* **EXERCISE AIM**
With the pictures left out, restate exactly the part below that opens with the line containing "Varalaxmi Sarathkumar feet photo 3" and closes with the line containing "Panoramic Oceanview Resort".

* **STORED DATA**
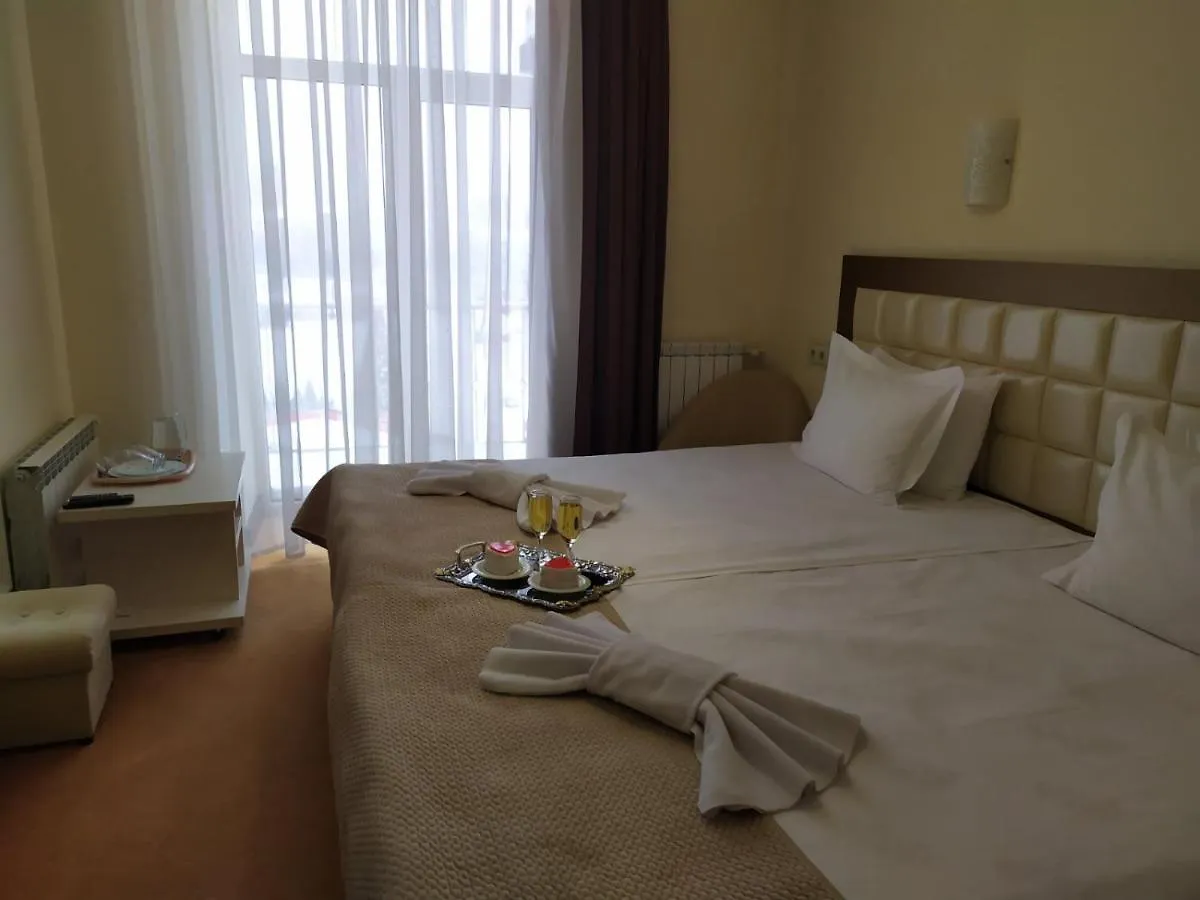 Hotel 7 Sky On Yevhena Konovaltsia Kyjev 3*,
--
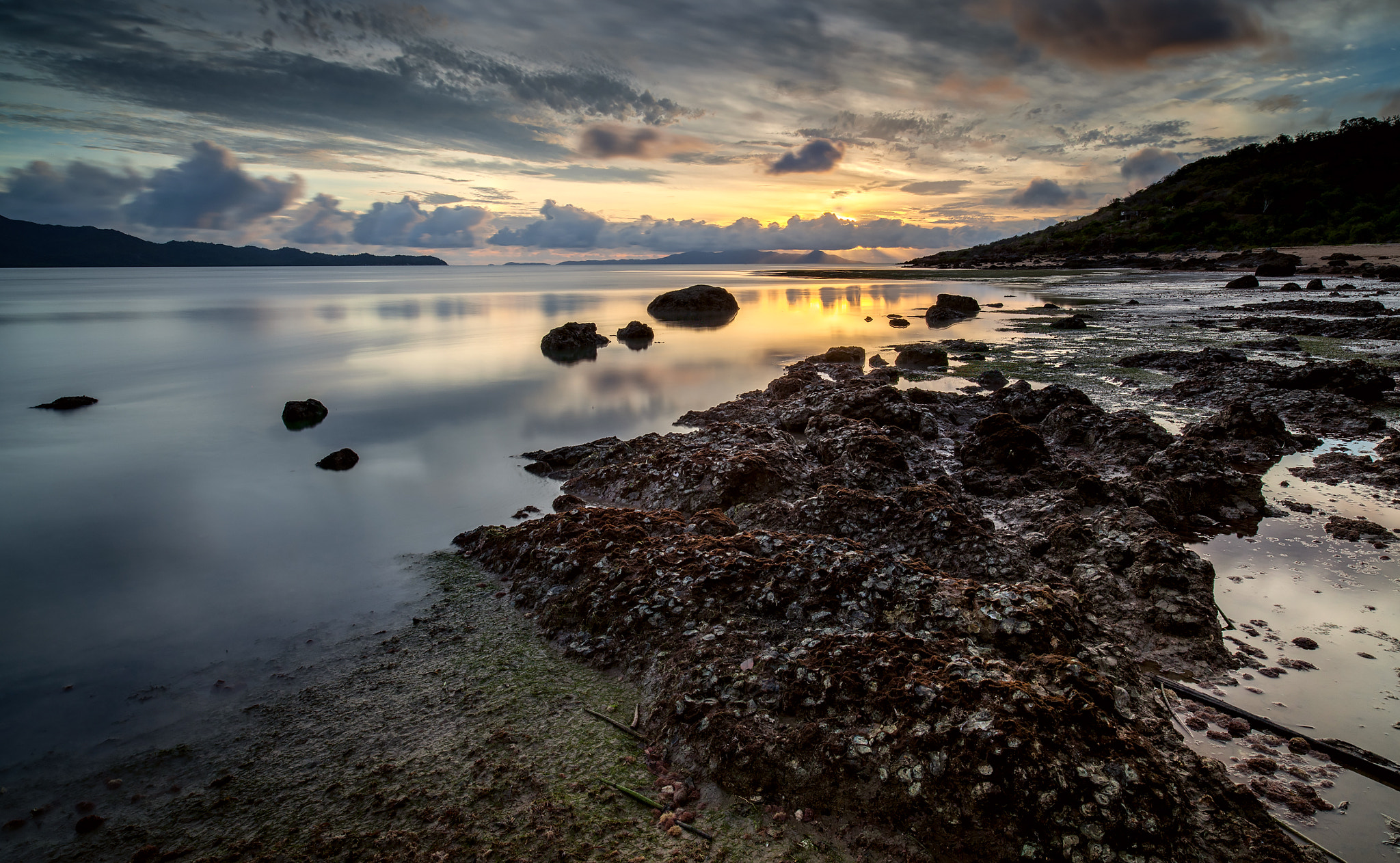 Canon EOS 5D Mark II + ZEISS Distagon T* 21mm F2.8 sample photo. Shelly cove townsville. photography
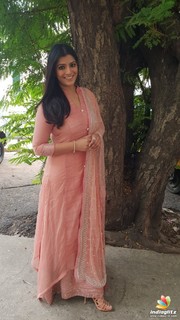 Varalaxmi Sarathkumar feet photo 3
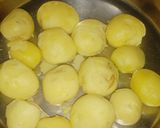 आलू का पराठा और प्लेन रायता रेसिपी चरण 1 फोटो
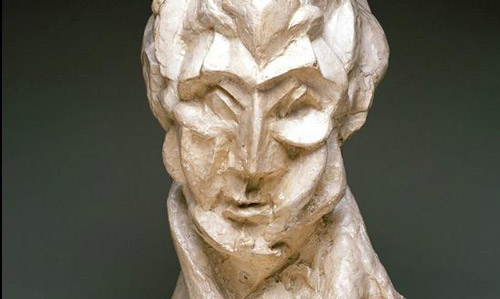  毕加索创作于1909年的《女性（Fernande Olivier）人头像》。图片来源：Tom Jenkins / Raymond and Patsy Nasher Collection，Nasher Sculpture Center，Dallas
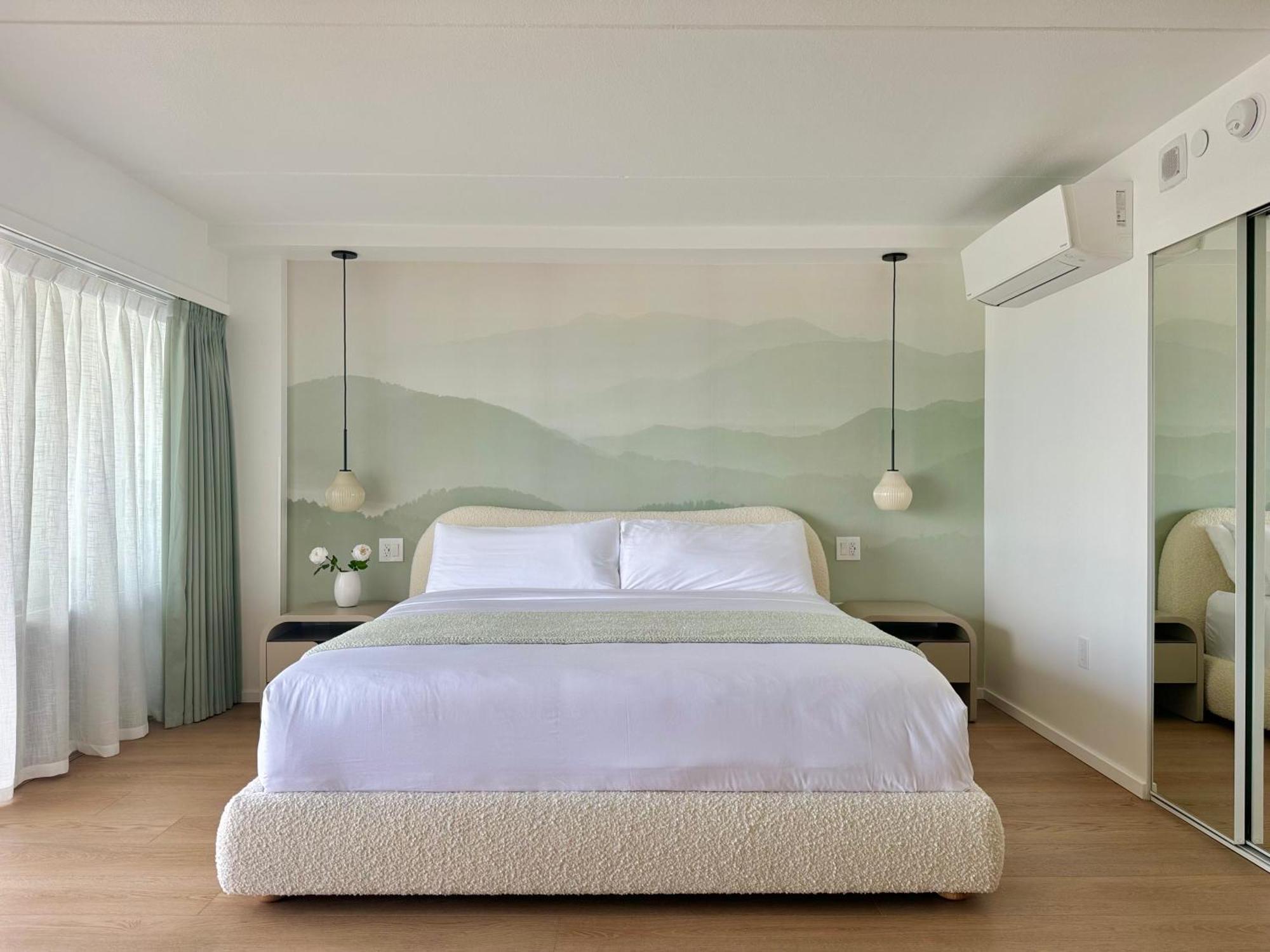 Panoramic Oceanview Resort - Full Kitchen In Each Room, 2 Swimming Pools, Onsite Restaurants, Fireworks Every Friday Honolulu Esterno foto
---
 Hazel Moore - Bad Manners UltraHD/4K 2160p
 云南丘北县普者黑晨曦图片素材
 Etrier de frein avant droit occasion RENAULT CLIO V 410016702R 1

* **WRITTEN RESPONSE**
 Varalaxmi Sarathkumar feet photo 3
 आलू का पराठा और प्लेन रायता रेसिपी चरण 1 फोटो
  毕加索创作于1909年的《女性（Fernande Olivier）人头像》。图片来源：Tom Jenkins / Raymond and Patsy Nasher Collection，Nasher Sculpture Center，Dallas
 Panoramic Oceanview Resort - Full Kitchen In Each Room, 2 Swimming Pools, Onsite Restaurants, Fireworks Every Friday Honolulu Esterno foto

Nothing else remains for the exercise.